TASK PROMPT: Starting at the top of the entries below, print each line exactly until the line with "Sharp MD-M1H operation" has been printed too.

[Stored entries]
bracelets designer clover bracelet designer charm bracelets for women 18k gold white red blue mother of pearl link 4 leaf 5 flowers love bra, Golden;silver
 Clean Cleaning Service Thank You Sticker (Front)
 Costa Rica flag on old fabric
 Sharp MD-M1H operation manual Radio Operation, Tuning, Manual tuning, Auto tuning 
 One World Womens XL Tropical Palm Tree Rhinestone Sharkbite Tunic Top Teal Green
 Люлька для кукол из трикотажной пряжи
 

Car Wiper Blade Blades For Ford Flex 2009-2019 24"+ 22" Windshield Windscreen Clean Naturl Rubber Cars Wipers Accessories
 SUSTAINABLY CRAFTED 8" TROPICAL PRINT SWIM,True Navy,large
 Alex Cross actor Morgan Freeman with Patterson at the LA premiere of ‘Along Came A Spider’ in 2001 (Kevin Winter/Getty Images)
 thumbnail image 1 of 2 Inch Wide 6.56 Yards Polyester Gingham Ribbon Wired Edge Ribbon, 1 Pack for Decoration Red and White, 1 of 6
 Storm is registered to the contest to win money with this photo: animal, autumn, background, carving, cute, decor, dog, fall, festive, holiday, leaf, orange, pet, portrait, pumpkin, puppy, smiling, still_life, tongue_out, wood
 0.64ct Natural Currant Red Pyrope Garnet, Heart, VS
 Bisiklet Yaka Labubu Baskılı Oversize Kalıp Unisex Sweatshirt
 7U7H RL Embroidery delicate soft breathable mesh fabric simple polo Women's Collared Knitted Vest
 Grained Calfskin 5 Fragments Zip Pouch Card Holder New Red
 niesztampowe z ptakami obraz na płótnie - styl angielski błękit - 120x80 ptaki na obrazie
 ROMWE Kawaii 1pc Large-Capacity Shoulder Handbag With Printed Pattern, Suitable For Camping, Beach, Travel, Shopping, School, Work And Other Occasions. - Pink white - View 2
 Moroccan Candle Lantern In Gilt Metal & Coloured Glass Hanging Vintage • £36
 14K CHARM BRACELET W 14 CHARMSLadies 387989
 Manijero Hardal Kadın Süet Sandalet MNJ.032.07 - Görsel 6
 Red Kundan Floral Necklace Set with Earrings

RESULT BELOW:
bracelets designer clover bracelet designer charm bracelets for women 18k gold white red blue mother of pearl link 4 leaf 5 flowers love bra, Golden;silver
 Clean Cleaning Service Thank You Sticker (Front)
 Costa Rica flag on old fabric
 Sharp MD-M1H operation manual Radio Operation, Tuning, Manual tuning, Auto tuning 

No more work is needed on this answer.